The girls (Abigail and Peanut, Toy Fox Terrorist and Beagle/Shepherd Mix respectively) and I put on our best farmin’ clothes and headed to the garden.  I was pleasantly surprised to see the bell pepper and jalapeno plants had each produced two more peppers.  I sadly bid them farewell and thanked them for the bountiful harvest they had provided throughout the summer.

Abigail was busy tilling certain areas she felt needed attention, while Peanut was hard at work keeping the grasshopper population to a minimum.  Meanwhile, I clipped the asparagus plants back and piled some fresh wood chips on them to help protect them from the inevitable bitter cold that is just around the corner.  During this process, it was confirmed to me why I must always wear gloves while gardening ~ especially when you just dive into the compost pile with your hands rather than a shovel.  It reminded me of the days of Halloween carnivals as a kid.  You know, where you’re blindfolded and made to reach into a bowl of cold, slimy spaghetti noodles and grapes and you get weirded out thinking it’s cranium matter and eyeballs?  I reached into the warm compost pile and pulled out a…well, I don’t know what it was.  But, it was big, round, squishy on the outside and juicy on the inside when it busted open.  Eeew!  My best educated guess leads me to believe it was once a watermelon that had not fared well on the vine.

Thanking the good Lord for pink leather gloves, I commenced to the tomato plants.  These tomato plants were interesting in that they were pathetically scrawny and sickly all summer.  They really didn’t start producing until mid-September, but by then the warm sun had already cooled off quite a bit.  I pulled off what green tomatoes were on the vine, pulled up the wire tomato cages and then began pulling out the plants themselves.  Hmmm, one plant felt peculiarly heavy.  Perhaps I had missed a tomato.  No, all tomatoes had been removed.

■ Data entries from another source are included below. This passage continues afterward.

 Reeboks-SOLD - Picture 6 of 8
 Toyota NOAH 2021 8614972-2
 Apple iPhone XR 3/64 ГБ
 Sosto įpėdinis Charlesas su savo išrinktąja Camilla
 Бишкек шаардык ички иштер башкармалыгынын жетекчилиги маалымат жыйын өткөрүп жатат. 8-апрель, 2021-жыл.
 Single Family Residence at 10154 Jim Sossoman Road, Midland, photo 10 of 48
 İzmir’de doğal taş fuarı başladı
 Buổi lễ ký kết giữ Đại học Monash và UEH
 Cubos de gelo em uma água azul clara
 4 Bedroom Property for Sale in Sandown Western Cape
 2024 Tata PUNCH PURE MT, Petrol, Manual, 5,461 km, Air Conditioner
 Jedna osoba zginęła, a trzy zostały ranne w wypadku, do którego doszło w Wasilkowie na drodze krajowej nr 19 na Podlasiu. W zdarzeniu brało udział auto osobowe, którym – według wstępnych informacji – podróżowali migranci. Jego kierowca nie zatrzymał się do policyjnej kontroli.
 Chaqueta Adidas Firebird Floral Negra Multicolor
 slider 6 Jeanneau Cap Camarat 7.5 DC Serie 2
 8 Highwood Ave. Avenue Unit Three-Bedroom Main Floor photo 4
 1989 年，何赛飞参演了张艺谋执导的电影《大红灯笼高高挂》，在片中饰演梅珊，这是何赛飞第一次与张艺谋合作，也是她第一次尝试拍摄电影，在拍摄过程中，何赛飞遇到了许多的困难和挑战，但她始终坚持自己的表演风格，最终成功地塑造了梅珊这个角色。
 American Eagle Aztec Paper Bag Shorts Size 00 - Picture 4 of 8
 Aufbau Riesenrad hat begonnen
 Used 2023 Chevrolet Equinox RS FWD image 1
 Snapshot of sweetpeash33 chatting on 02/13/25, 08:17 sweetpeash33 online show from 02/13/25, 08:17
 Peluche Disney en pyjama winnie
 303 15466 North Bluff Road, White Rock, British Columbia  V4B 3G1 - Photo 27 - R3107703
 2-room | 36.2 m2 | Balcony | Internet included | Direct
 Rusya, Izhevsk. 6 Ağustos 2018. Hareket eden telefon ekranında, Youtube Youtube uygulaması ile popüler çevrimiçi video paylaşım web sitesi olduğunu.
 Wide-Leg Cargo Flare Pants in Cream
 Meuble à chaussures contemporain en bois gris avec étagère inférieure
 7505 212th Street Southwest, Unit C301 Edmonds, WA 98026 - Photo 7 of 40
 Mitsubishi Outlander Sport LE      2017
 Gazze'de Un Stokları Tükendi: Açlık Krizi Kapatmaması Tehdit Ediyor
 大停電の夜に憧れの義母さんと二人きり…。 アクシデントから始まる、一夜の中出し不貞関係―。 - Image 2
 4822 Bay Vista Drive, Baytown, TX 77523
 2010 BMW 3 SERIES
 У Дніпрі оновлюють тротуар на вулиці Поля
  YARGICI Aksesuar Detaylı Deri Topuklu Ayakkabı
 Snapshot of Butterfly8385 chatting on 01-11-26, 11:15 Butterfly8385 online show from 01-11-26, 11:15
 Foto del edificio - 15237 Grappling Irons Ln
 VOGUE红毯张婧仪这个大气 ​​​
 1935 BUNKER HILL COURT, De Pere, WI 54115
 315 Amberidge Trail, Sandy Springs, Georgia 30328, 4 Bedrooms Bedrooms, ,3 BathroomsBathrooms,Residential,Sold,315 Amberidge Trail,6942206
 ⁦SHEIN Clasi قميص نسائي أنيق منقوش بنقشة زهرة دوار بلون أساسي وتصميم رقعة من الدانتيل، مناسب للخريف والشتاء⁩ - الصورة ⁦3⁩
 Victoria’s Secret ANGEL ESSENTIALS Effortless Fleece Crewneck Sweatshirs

Oh my!  It was Larry!  I’d never seen anything like Larry before.  Now, the old me would have done the Willies Wiggle and dropped the tomato vine never to touch it again.  But not this seasoned prairie girl (yeah, right!).  Instead, I set about finding Larry’s brothers, Curly and Moe and their cousin, It.  I found them all on other vines, but I couldn’t shake them off, I couldn’t flick them off, so I pried them off with my little pruning clippers and in the bucket they go, right along with the freshly picked peppers and tomatoes.  Yep, seasoned prairie girl that I am, I just provided them lunch at a 5-star resort.

Now, the photo does these fellas no justice.  These bad boys were b-i-g!  Easily four inches long and an inch in diameter.  Like green Vienna Sausages, only bigger.  I must admit I was entertained for quite some time trying to figure out their front end from their rear end.  I concluded after taking the snapshot above that the end without the big red horn is their front end ~ another educated guess based on Larry and Moe making a beeline for my toes once they heard the digital shutter sound on the camera…I figured their leading end must be their front end.  It’s really a scientific thing, isn’t it?

My research ~ I Googled “big fat green worms on my tomato plants” ~ has taught me that Larry, Curly, Moe and their cousin, It are Tobacco Hornworms, or Manduca Sexta (Linnaeus) for those who don the lab coats.  I compared photos and descriptions, even counted diagonal stripes.  Yes, these are Tobacco, not Tomato, Hornworms.  There are approximately two dozen species of hornworms.  — Although all feed on leaves of various plants, most are innocuous, attracting little attention and causing little, if any, injury to garden plants.  Tomato and tobacco hornworms, which feed on tomatoes and a few related plants, are an exception, being true garden pests.  — That figures.

And, this beautiful creature is what those big green sausages turn into.  Can you believe it?!  It is a White-Lined Sphinx Hummingbird Moth.  Now, I remember admiring the flowers in the largest flower bed one mid-summer evening and seeing one of these hovering around.  They truly are amazing.  At first glance I could have sworn it was a hummingbird.  People actually rear these larvae so they can enjoy the beauty of them as adults.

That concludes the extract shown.